Usage and interfaces

Here we describe calling FINUFFT from C++, C, and Fortran.

We provide Type 1 (nonuniform to uniform), Type 2 (uniform to nonuniform), and Type 3 (nonuniform to nonuniform), in dimensions 1, 2, and 3. This gives nine basic routines. There are also two advanced interfaces for multiple 2d1 and 2d2 transforms with the same point locations.

Using the library is a matter of filling your input arrays, allocating the correct output array size, possibly setting fields in the options struct, then calling one of the transform routines below.

Interfaces from C++

We first give a simple example of performing a 1D type-1 transform in double precision from C++, the library’s native language, using C++ complex number type. First include the headers:

#include "finufft.h"
#include <complex>
using namespace std;

Now in the body of the code, assuming M has been set to be the number of nonuniform points, we allocate the input arrays:

double *x = (double *)malloc(sizeof(double)*M);
complex<double>* c = (complex<double>*)malloc(sizeof(complex<double>)*M);

These arrays should now be filled with the user’s data: values in x should lie in \([-3\pi,3\pi]\), and c can be arbitrary complex strengths (we omit example code for this here). With N as the number of modes, allocate the output array:

complex<double>* F = (complex<double>*)malloc(sizeof(complex<double>)*N);

Before use, set default values in the options struct opts:

nufft_opts opts; finufft_default_opts(&opts);

Warning

  • Without this call options may take on random values which may cause a crash.
  • This usage has changed from version 1.0 which used C++-style pass by reference. Please make sure you pass a pointer to opts.

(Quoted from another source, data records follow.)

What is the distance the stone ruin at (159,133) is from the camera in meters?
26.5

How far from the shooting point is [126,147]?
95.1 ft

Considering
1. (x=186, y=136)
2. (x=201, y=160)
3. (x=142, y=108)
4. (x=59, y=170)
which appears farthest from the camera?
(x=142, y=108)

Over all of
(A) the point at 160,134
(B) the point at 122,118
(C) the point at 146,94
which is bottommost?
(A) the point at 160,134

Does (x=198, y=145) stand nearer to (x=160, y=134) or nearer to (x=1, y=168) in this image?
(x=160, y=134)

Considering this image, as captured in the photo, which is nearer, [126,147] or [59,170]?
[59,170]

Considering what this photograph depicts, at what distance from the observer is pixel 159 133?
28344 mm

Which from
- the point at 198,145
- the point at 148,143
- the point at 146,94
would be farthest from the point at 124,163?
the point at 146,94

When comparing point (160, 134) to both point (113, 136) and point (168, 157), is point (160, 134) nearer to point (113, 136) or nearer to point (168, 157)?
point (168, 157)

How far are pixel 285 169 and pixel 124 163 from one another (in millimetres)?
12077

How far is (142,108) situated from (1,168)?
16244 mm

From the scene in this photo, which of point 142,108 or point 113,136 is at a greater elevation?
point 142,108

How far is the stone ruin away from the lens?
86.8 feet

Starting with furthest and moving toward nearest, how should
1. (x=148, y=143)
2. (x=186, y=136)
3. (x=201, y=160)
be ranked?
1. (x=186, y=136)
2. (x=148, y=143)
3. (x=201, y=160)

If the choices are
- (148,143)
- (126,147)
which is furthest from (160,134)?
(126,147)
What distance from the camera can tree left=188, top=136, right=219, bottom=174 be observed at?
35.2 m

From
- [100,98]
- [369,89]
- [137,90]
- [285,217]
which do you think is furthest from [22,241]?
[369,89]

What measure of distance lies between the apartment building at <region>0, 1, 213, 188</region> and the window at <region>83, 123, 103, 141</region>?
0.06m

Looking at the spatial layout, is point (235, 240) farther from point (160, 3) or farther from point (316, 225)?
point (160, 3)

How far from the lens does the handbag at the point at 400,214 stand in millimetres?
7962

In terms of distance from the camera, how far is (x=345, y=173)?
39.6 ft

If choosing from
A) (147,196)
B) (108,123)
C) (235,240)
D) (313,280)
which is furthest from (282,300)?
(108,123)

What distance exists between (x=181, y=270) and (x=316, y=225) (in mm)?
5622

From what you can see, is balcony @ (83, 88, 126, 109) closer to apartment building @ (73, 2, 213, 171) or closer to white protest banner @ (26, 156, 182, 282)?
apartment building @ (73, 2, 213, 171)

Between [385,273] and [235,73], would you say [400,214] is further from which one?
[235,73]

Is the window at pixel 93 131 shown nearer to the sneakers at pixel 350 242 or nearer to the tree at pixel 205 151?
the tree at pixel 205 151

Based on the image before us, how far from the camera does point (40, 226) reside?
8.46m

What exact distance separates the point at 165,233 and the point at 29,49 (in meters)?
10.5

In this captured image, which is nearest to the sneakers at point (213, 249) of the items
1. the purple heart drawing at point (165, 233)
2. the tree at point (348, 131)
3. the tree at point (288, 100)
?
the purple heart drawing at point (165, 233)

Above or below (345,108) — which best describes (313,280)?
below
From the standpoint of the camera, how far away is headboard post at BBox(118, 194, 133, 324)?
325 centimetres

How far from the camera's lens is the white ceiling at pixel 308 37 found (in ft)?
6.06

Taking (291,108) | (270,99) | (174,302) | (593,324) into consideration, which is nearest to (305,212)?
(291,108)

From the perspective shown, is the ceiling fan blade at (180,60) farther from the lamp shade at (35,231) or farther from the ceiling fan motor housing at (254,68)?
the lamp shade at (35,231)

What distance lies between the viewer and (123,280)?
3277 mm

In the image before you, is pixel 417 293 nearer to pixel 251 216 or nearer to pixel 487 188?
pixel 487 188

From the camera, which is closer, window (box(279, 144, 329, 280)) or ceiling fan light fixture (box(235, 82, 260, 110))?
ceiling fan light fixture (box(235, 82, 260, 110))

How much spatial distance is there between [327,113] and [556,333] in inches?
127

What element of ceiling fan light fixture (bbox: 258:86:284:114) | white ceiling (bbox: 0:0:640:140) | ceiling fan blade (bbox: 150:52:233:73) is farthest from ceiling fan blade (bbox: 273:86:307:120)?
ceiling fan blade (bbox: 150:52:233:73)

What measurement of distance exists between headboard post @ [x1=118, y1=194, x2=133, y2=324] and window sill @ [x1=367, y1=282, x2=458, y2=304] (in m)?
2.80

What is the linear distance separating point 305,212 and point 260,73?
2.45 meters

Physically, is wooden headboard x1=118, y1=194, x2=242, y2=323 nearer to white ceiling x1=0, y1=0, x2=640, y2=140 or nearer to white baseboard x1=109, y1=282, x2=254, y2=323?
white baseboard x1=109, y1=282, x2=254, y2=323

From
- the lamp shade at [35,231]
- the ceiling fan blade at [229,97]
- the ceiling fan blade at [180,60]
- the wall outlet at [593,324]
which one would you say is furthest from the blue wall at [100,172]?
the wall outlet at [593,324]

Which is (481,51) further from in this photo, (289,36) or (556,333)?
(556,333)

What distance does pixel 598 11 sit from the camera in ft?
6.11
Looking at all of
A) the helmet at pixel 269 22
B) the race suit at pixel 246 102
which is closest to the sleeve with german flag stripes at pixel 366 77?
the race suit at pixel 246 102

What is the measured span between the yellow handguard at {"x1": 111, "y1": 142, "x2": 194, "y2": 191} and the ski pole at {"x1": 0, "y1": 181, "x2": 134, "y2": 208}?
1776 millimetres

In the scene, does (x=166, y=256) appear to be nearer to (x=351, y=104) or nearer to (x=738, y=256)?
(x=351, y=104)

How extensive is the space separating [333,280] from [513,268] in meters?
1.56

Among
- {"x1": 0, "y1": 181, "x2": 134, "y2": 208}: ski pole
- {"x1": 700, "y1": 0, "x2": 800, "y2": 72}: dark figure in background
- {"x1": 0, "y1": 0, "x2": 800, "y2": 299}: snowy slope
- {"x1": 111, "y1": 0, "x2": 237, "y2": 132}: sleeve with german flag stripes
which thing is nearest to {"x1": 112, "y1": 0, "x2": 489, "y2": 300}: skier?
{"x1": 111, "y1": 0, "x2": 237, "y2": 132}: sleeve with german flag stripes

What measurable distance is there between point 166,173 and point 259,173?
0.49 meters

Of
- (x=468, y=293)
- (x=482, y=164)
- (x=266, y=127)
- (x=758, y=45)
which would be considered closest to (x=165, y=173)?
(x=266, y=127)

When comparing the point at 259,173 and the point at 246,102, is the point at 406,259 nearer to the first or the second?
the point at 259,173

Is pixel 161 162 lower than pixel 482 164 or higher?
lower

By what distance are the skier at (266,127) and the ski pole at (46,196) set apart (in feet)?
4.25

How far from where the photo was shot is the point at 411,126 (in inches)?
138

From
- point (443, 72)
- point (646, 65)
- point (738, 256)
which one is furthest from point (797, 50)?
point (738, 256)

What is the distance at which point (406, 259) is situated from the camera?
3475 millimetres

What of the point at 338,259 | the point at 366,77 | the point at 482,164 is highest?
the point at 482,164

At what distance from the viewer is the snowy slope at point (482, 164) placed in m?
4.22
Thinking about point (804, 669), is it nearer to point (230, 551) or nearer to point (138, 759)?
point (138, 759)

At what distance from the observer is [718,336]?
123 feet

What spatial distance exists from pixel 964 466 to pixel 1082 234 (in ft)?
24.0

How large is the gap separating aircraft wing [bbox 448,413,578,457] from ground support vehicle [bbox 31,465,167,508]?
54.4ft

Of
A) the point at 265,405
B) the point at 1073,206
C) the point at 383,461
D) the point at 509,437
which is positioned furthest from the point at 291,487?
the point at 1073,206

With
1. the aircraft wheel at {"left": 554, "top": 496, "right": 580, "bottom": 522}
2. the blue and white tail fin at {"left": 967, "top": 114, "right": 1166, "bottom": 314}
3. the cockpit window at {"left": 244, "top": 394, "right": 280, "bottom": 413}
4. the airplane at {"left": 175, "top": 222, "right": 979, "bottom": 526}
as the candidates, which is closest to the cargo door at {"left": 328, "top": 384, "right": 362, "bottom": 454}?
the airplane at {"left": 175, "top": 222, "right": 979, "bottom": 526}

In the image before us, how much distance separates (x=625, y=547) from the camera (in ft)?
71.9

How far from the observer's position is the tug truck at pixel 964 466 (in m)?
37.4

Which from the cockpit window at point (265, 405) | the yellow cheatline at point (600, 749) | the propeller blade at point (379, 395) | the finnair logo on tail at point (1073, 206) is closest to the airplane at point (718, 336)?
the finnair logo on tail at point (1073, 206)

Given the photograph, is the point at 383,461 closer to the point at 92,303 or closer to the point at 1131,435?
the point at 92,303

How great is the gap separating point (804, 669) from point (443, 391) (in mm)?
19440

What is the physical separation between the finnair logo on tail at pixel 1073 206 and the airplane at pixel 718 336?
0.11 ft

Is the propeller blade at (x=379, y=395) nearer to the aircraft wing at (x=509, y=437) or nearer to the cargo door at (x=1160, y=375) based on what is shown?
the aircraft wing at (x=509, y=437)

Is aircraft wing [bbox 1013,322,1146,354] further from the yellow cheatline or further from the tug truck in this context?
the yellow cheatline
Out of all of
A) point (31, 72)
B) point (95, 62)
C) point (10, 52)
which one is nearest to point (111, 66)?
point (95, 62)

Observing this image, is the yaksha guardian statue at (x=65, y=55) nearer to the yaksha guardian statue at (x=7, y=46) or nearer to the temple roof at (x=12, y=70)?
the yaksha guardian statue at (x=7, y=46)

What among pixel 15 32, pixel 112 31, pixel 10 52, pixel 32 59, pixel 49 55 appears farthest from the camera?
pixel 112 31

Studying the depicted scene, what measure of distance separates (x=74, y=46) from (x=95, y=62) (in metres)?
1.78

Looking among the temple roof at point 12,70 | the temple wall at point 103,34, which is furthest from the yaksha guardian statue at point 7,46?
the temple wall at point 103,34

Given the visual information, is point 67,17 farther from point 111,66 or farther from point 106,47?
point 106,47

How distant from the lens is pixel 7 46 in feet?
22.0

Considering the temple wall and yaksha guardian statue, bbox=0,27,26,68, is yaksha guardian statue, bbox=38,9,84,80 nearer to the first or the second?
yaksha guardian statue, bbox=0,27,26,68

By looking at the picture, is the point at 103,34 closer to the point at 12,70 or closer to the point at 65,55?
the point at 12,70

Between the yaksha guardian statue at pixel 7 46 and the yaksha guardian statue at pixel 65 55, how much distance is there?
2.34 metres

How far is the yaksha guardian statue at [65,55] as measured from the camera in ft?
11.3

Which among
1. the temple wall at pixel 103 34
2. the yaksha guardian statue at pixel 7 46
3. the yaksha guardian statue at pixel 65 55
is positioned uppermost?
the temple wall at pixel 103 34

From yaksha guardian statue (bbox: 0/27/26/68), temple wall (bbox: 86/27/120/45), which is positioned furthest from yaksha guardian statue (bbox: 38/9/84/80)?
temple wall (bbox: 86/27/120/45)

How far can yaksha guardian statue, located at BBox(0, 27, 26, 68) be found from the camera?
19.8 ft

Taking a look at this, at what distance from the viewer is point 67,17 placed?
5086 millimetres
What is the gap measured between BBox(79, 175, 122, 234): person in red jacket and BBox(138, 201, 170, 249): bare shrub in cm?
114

To perform the nonuniform FFT is then one line:

int ier = finufft1d1(M,x,c,+1,1e-6,N,F,opts);

This fills F with the output modes, in increasing ordering from -N/2 to N/2-1. Here +1 sets the sign of i in the exponentials in the definitions, 1e-6 chooses 6-digit relative tolerance, and ier is a status output which is zero if successful (see below). See example1d1.cpp, in the examples directory, for a simple full working example. Then to compile, linking to the double-precision static library, use eg:

g++ example1d1.cpp -o example1d1 -I FINUFFT/src FINUFFT/lib-static/libfinufft.a -fopenmp -lfftw3_omp -lfftw3 -lm

where FINUFFT denotes the top-level directory of the installed library. The examples and test directories are good places to see further usage examples. The documentation for all nine routines follows below.

Note

If you have a small-scale 2D task (say less than 105 points or modes) with multiple strength or coefficient vectors but fixed nonuniform points, see the advanced interfaces.

Data types

There are certain data type names that we found convenient to unify the interfaces. These are used throughout the below.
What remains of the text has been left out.